I hated that voice in my head sometimes. The realist within me, the one that never ceases to burst the bubble of my colorful imagination. I know that portion of me means no harm, but that was not the time to mentally tell myself what I already knew. She was right, though. I shouldn’t ignore those details from the past. That entire experience was a learning lesson in disguise. I just haven’t figured out what the lesson was at that point, and I honestly didn’t care. As my birthday crept up on me, I repeated a mantra created by Ma$e, one of Harlem’s icons: Breathe, stretch, shake. No more sulking. No more sliding down that slippery slope of sadness and feeling regretful.

So I planned my birthday celebration.

By mid-July, I had two tickets to Panorama, created plans to have a few drinks and dinner with a friend, planned a getaway in the beginning of August, and scored two tickets to Afro Punk to top it all off. These four events were spanned out more than a month, but I didn’t care. The goal was to be genuinely happy and smile like nobody’s business. My job even threw me a small party with a few co-workers. My colleagues presented me a card signed by the entire department wishing me a happy birthday, and they even gave me a few gifts. I wasn’t expecting that. I felt so special because of that small gesture.

It wasn’t until Friday of my birthday that the festivities truly began. That night, my best friend and I got lit at a burrito bar and restaurant. We people-watched and cracked on passing pedestrians as if no one could hear us. We took pictures in front of a bank reminding ourselves of lighting, angles, and smizing. After the successful shoot, we stumbled on home. If other things happened that night, I honestly don’t remember. I guess that was the point of the night.
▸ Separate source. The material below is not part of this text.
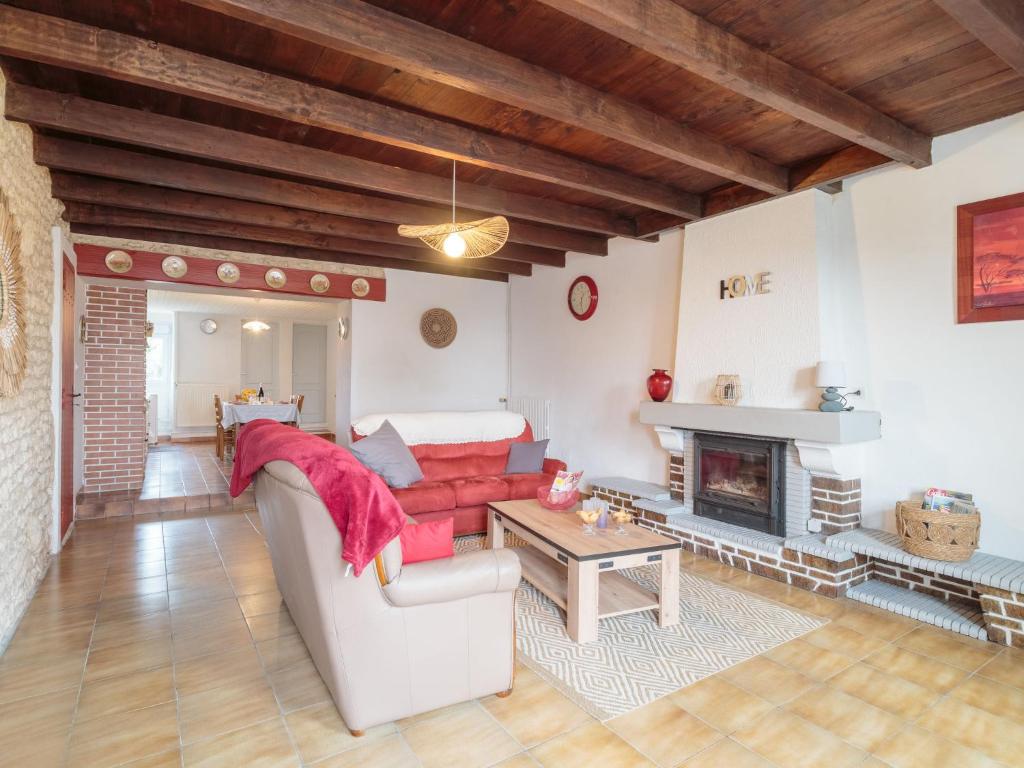 Holiday Home Gîte La Truffière Saintongeaise by Interhome photo 2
Saturday was the day I tapped into my inner music festival lover … even though this was my first festival. I researched looks, times of acts,

where the food and drinks would be, and the directions to Randall’s Island only to still feel unprepared. I held onto hope, though, because my soul sister Solange was performing that night. Between the great food, endless drinks, great company, and music, I was in a really good space.

And then Solange performed.

My entire life was served to me on a platter that was beautifully designed to spell out the meaning of #blackgirlmagic.

MY ENTIRE LIFE! Do you understand?!

Solange made me so proud to be a black girl. This beautiful soul sang about us, for us, to us. She celebrated black excellence like nothing I have seen in my 27 years. And I got to witness it up close and personal. I felt so at home in a crowd filled with strangers of different ethnicities and ways of life. Peace found me for thirty minutes, and I rode that euphoric train of happiness. I closed my eyes in complete bliss and swayed my hips to the mantras of black pride that became all too familiar by the summer of 2017.

What a time to be a black woman.

Solange’s performance gave me the fuel I needed to continue walking this Earth with my head held high. I rolled my hips and snapped my fingers in agreement to the messages made clear through her music. “Cranes In The Sky.” “Don’t Touch My Hair”. “F.U.B.U.” “Don’t You Wait.”“Bad Girls.” Each song held me captive in its melanin-influenced realness. I was in love.

And I finally began to see myself again.

A courageous, strong, and highly motivated lioness. A woman who has barely touched the surface of her own dose of #blackgirlmagic. Beautifully created in the image of God, she saunters this Earth in search of peace, comfortability, happiness, and love of all kinds. Fiercely bold and alluring, she dares to live this life dreaming out loud.

I drank in all of Solange’s words that night. The music moved my body, and her words moved my mind. As she sang “Rise,” I felt like a much needed change was coming:

“Fall in your ways, so you can crumble. Fall in your ways, so you can sleep at night. Fall in your ways, so you can wake up and rise.”